Some
asking why Cabot mayor is not city's highest-paid official
After
the city council on Monday passed a record budget, aldermen wondered
out loud why Mayor Stumbaugh is making $6,000 less than his public works
director.
BYJOAN MCCOY
Leader staff writer
___The Cabot City Council,
on Monday night, unanimously passed a $10.9 million budget for 2005,
about $500,000 more than the 2004 budget. The budget in-cludes $4,000
raises for the mayor and city clerk and a $5,000 raise for the city
attorney.
___ Those raises are in addition to the
5 percent raises all city employees received this year.
___ Aldermen Eddie Cook and Tom Armstrong,
who served on the budget committee, said in December that it was unseemly
for the mayor to make less than some of the employees he oversees.
___ But even after his hefty pay raise,
Mayor Stubby Stumbaugh still will be paid less than the public works
director, who is paid $60,377 and the city engineer who is paid $54,366.
___ Under the new budget the mayor, city
clerk and city attorney will be paid respectively $53,238, $44,462 and
$60,427. The budget also includes pay raises of $100 a month for the
city's eight council members, bringing their yearly salaries to $5,505.

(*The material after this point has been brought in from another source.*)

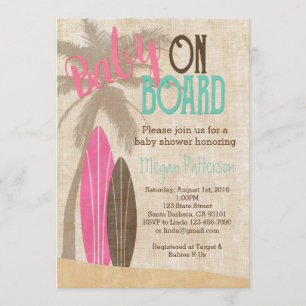 Surf Baby shower Invitation Style Vintage fille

___ Alderman David Polantz asked for the
increase during the December budget meeting, saying it was getting hard
to find anyone to run for city council and the extra pay might be an
incentive.
___ The budget also includes the salaries
for three new police officers and three new firefighters.
___ As it was presented to council members
Monday night, the budget contained more than $1.5 million in expenses
in the wastewater and street departments that was not funded. Polantz
asked that the proposed expenditures be included in the budget as the
beginning of a five-year plan for city expenditures.
___ Alderman Armstrong said the column
of figures was confusing and requested that they be taken out. The request
became an amendment that was added to the budget before it was passed.
In other business, the council approved rezoning the site of the Honey
Pot Daycare at 2120 W. Main from R-1 to C-2.
___ Polantz questioned the wisdom of the
rezoning on the side of the street with no other commercial property.
___ The daycare operated in residential
under a special use permit. "The only thing I worry about is when the
commercial jumps the street, the whole thing can go," he said.
___ The vote was not a roll call vote and
Polantz did not speak as it was taken. The council unanimously approved
rezoning property located at 710 N. Second from R-1 to C-2. Once occupied
by Cabot Small Engine, the property will become a bakery shop.
___ The council did not vote on asking
for requests for qualifications for professional engineering services
to identify and correct infiltration and inflow problems with sewer
lines in the city.
___ Instead, the council agreed that the
new public utilities commission should advertise for an engineer.